Motel Destino
Por Rodrigo Fonseca
Precisão sem vaselina
Toda hora dá areia sobre as camas do “Motel Destino”, hospedaria à beira de estrada numa praia do Ceará, distante do fervo da grande cidade. Com status (ou empáfia) de gerente, Dayana é quem mantém a organização dos quartos. Ri quando fica nervosa, em desatino, até quando o perigo se aproxima. Sabe, apesar disso, zangar com clientes que, após orgias, arranjam motivos para não pagar. Pensou que era o caso de Heraldo, quando ele alegou ter sido roubado pela moça com quem passou a noite. O rapaz, contudo, falava a verdade, mesmo sem contar que está jurado de morte e teve seu irmão assassinado.
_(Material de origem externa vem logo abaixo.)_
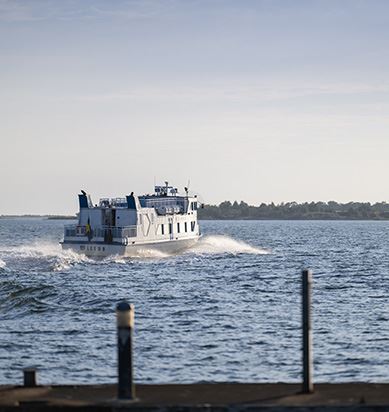 Skärgårdsbåt kör mot solnedgången.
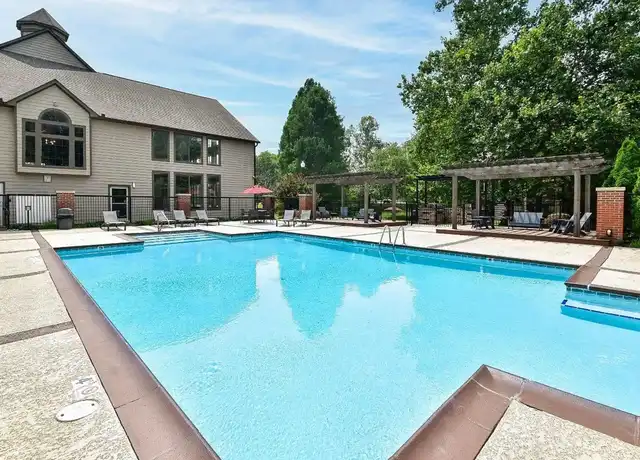 Property at Park Laureate Apartment Homes - 2050 Stony Brook Dr, Louisville, KY, 40220, 1 bed, 1 bath, [object Object]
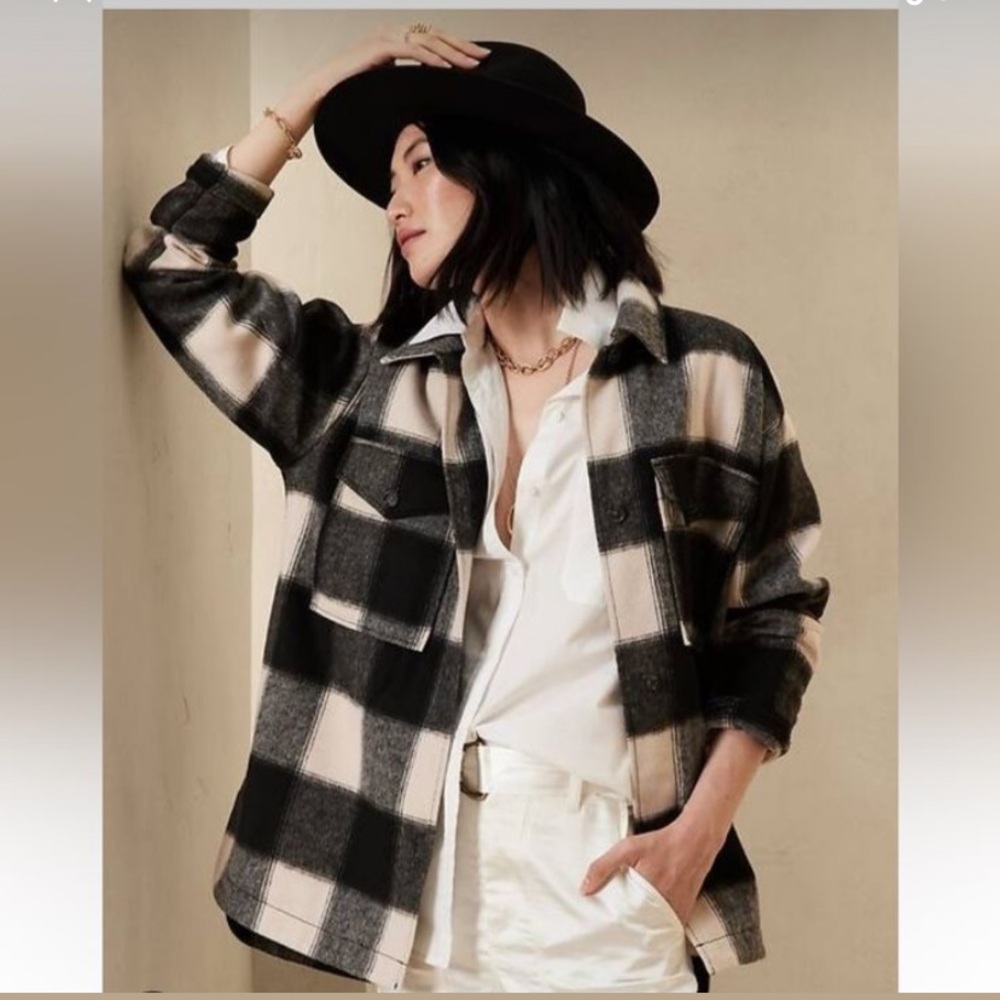 NWOT - Banana Republic Black and White Plaid Button Down Shacket (Petite)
Ia matar um francês nas imediações daquele motor hotel, a mando de uma organização criminosa, mas atrasou-se para a missão – o que deu ruim. Apesar disso, Dayana se encanta por ele e tenta disfarçar o desejo que sente, sem dar pinta para seu companheiro (e também chefe), Elias. A vontade que ela tem de se livrar desse misto de patrão com benquerer é grande, contudo, ela tem direito a um percentual no faturamento do Destino. Seu problema é como tirar Elias do jogo e se apropriar do que acredita ser seu.
Até esse questionamento vir à tona, Dayana arrebata por completo a plateia desse visceral thriller erótico de Karim Aïnouz, indicado à Palma de Ouro no 77º Festival de Cannes. Esse arrebatamento se dá graças ao desempenho inquieto e cativante de sua intérprete, Nataly Rocha. Seu modo franco de falar a encaixa num rol de personagens latino-americanos que se expressam sem filtros, sendo direta e cortante. Igualmente arrebatador é o desempenho de Iago Xavier como Heraldo, um sonhador acossado pela violência estrutural da sociedade brasileira. Já Elias (um papel que redesenha a relevância de Fábio Assunção em tela grande) só pensa em ampliar seu motel. Não considera o bem-estar de Dayana. Não imagina a trama digna de um filme dos Irmãos Coen (tipo “Gosto de sangue”) que se desenha ao seu redor, estruturada sobre a caleidoscópica fotografia de Hélène Louvart.